• A “market infrastructure” is defined in the Financial Markets Act, No. 19 of 2012 (the “Act”) to include key players such as licensed exchanges, clearing houses and central securities depositories.  
  • Section 62 of the Act requires that a market infrastructure take the necessary steps to avoid, eliminate and otherwise manage conflicts of interest between its regulatory functions and its commercial services. These steps must include: “the implementation of appropriate arrangements, which arrangements must comply with the requirements prescribed by the registrar…”  

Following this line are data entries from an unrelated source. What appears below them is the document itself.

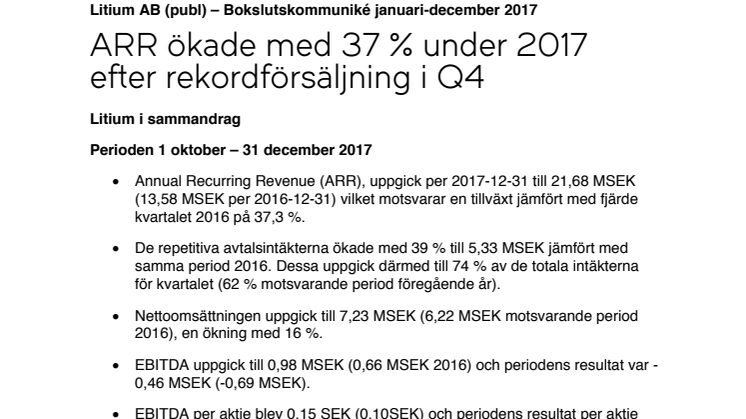 Litium AB (publ) – Bokslutskommuniké januari-december 2017: ARR ökade med 37 % under 2017 efter rekordförsäljning i Q4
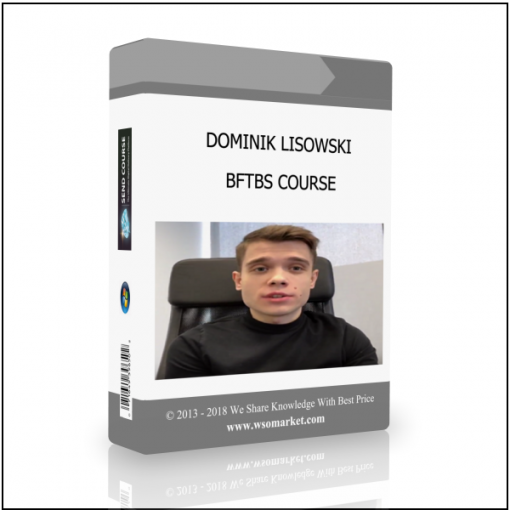 BFTBS COURSE DOMINIK LISOWSKI – BFTBS COURSE - Available now !!!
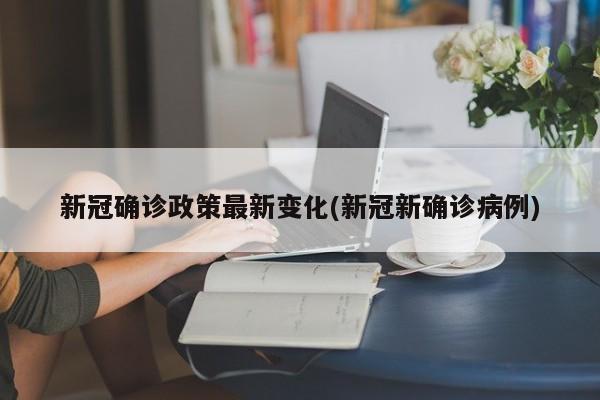 新冠确诊政策最新变化(新冠新确诊病例)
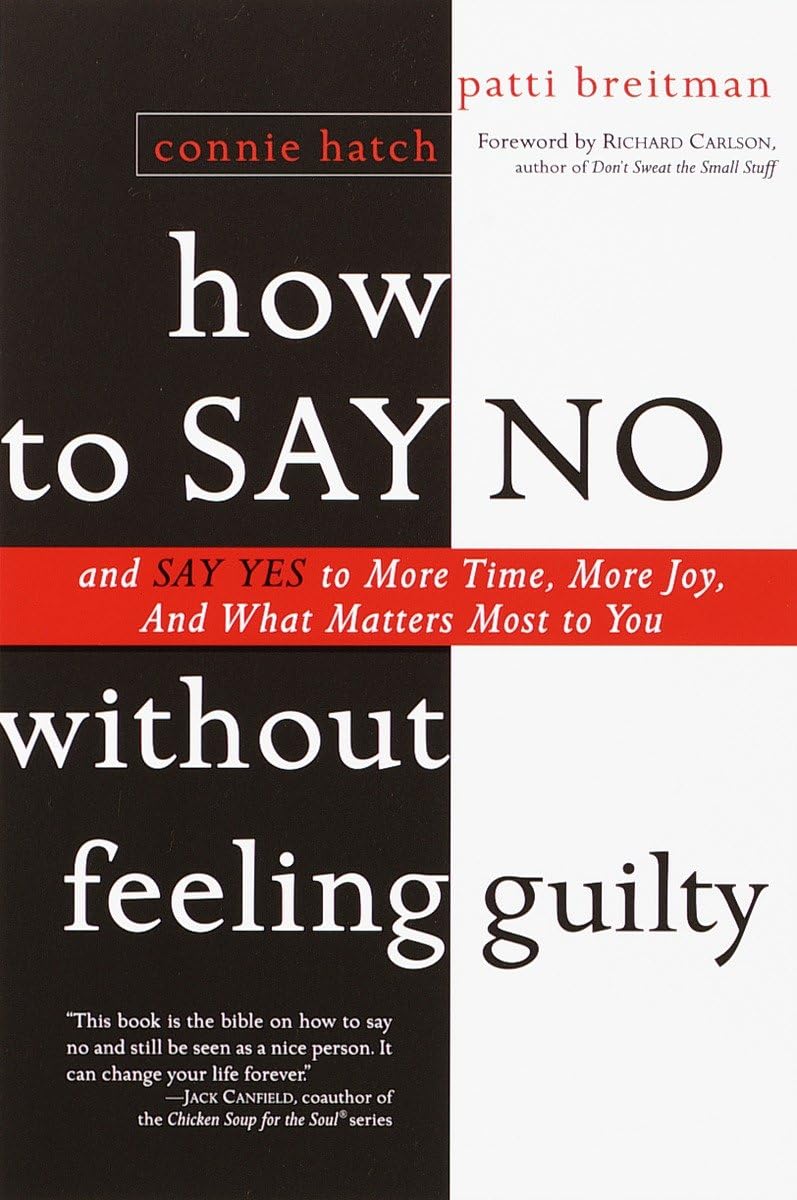 How to Say No Without Feeling Guilty: And Say Yes to More Time, and What Matters Most to You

  • On 1 January 2015, the Financial Services Board published Board Notice 1 of 2015, in terms of which the Registrar of Security Services prescribed the requirements contemplated in section 62. In terms of these requirements, a market infrastructure must:
    • establish an internal process to identify conflicts of interest;
    • record, adopt and implement policies and measures to address conflicts of interest;
    • appoint an independent committee to ensure that the market infrastructure complies with the above requirements; and
    • set out sanctions that may be taken by the market infrastructure in the event of a breach of its policies;  
  • A market infrastructure will also be required to:
    • annually assess the efficacy of the measures adopted;
    • annually prepare a Conflicts of Interest Assessment Report, which  report must comprehensively deal with the assessment of all material and relevant matters related to the market infrastructure’s management of conflicts of interest;
    • submit the report along with its Annual Supervisory Assessment Report to the registrar;
    • publish its Annual Conflicts of Interest Assessment Report; and
    • disclose the details of the nature and extent of any conflicts in its annual report contemplated in section 69 of the Financial Markets Act.   
  • A market infrastructure must comply with the notice with effect from 31 December 2015.